Ten Years and One Month Ago at Grasping Reality: July 12-14, 2008
Economics Gone Right: Some Fairly-Recent Must- and Should-Reads

But are we sure that our debts are in dollars? Would we know it if the big New York banks had been trying to boost their earnings by selling unhedged dollar puts, in the (probably correct) belief that if they all do this together they do not have a problem, the rest of us have a problem?: Paul Krugman: Opinion | Partying Like It’s 1998 - The New York Times: "Those of us who devoted a lot of time to understanding the Asian financial crisis two decades ago were wondering whether Turkey was going to stage a re-enactment. Sure enough...

...Start with a country that, for whatever reason, became a favorite of foreign lenders, and experienced a large inflow of foreign capital... denominated in foreign currency.... The party comes to an end. It doesn’t matter much what causes a “sudden stop” in foreign lending... domestic events... a rise in U.S. interest rates... a crisis in another country investors see as... similar.... foreign debt has made your economy vulnerable to a death spiral. Loss of confidence causes your currency to drop; this makes it harder to repay debts in foreign currency; this hurts the real economy and further reduces confidence, leading to a further decline in your currency; and so on. The result is that foreign debt explodes as a share of GDP....

How does such a crisis end? If there is no effective policy response... the currency drops and debt... balloons until everyone who can go bankrupt, does.
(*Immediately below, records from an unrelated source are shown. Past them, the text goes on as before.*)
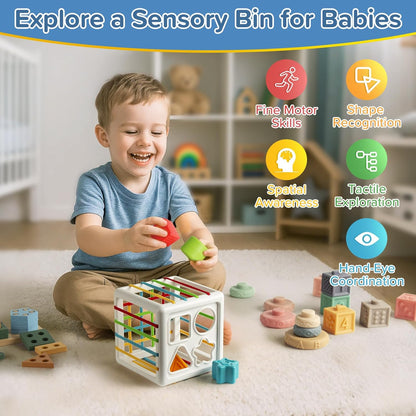 6-in-1 Baby Toys 6 to 12 Months, Montessori Toys for Babies 6-12-18 Months, Infant Teething Toy Stacking Blocks Rings Sensory Bin, Sorting Sensory Educational Learning Gift for Toddlers Aged 1-3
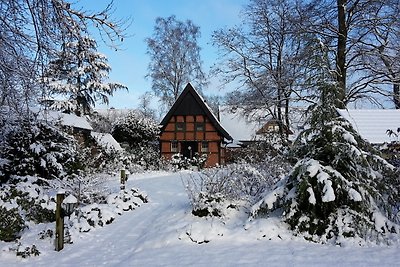 Vakantiehuis Ontspannende vakantie Sögel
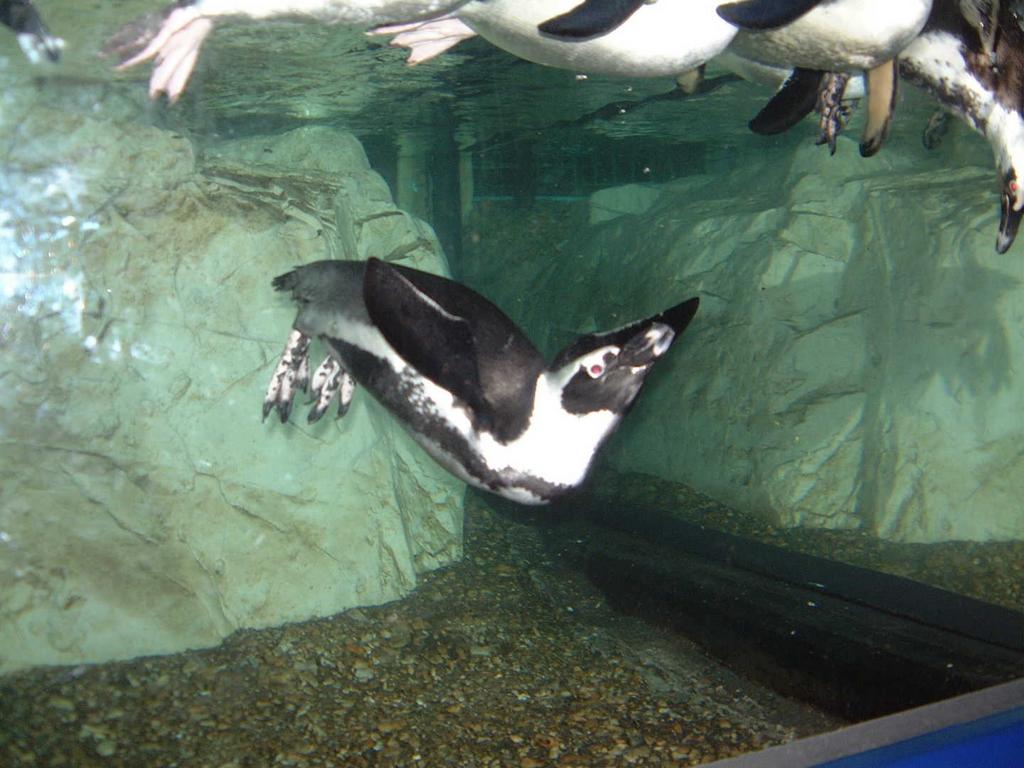 2002/02(Feb)/02(Aquarium)/1024x768_2002-02-08-014-Aquarium.JPG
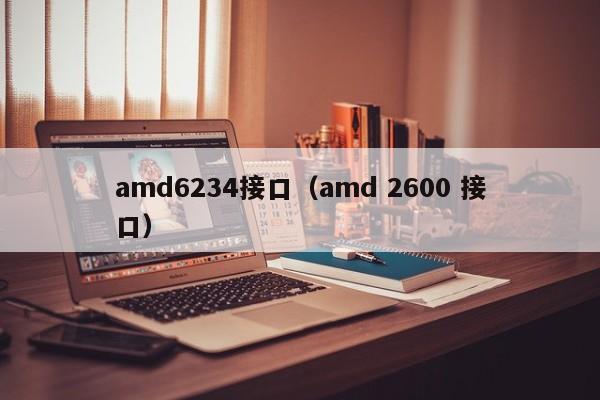 amd6234接口（amd 2600 接口）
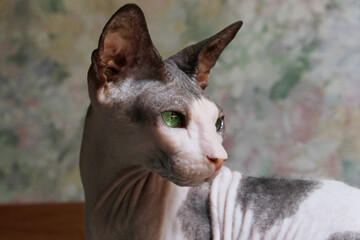 Cat Sphynks, cropped shot, horizontal view. Animals, pets concept.  Cat indoors, close up.
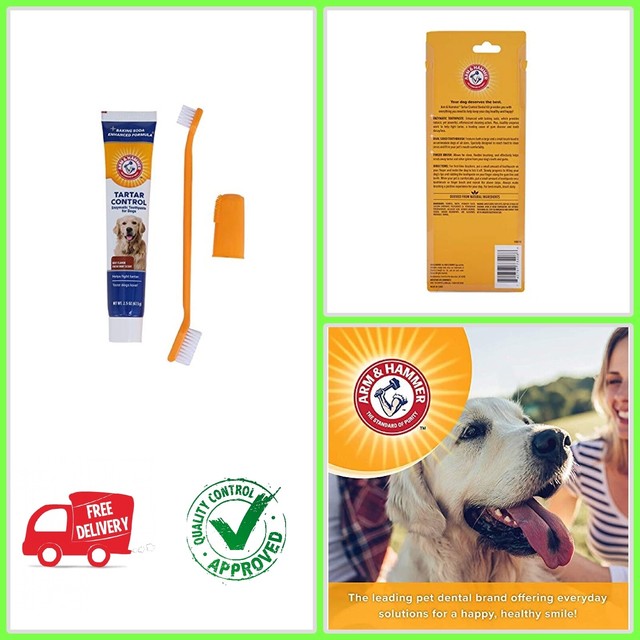 arm & hammer dog toothpaste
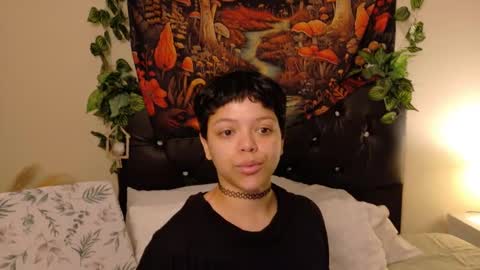         online show from September 25, 2025, 12:09 pm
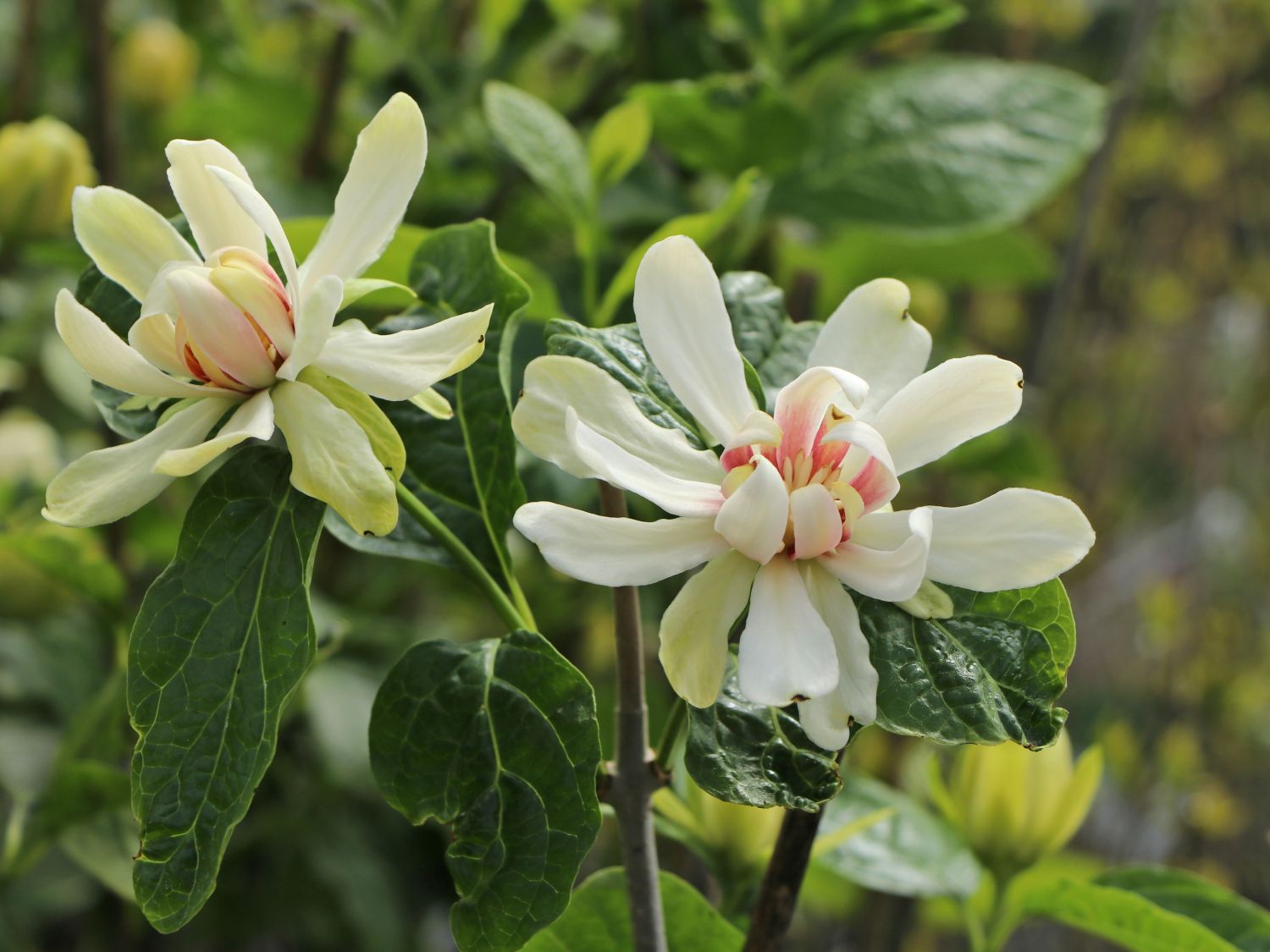 Sinocalycanthus (Sinocalycanthus)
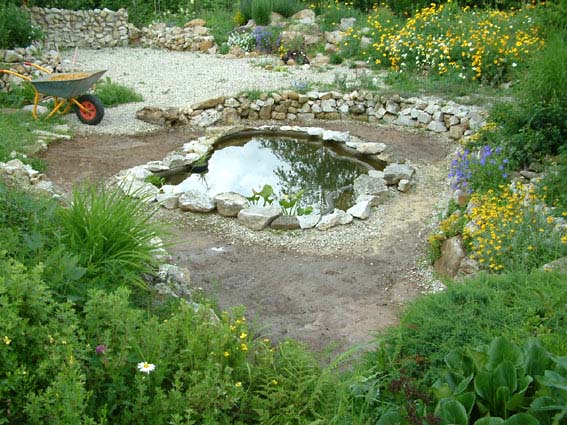 Дом, сад и пруд в саду.... - фото 12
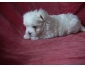 Jolie bichon maltais femelle A DONNER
At that point the weak currency fuels an export boom, and the economy starts a recovery built around huge trade surpluses.... Is there any way to short-circuit this doom loop? Yes... short-run heterodoxy and credible assurances of a longer-run return to orthodoxy... temporary capital controls... repudiation of some [odious] foreign-currency debt... a fiscally sustainable regime once the crisis is over. If all goes well, confidence will gradually return, and you’ll eventually be able to remove the capital controls. Malaysia did this in 1998; South Korea, with U.S. aid, effectively did something like it at the same time, by pressuring banks into maintaining their short-term credit lines. A decade later, Iceland did very well with a combination of capital controls and debt repudiation....

You need a government that is both flexible and responsible, not to mention technically competent enough to implement special measures and honest enough to carry out that implementation without massive corruption. That, unfortunately, doesn’t sound like Erdogan’s Turkey. Of course, it doesn’t sound like Trump’s America, either. So it’s a good thing our debts are in dollars.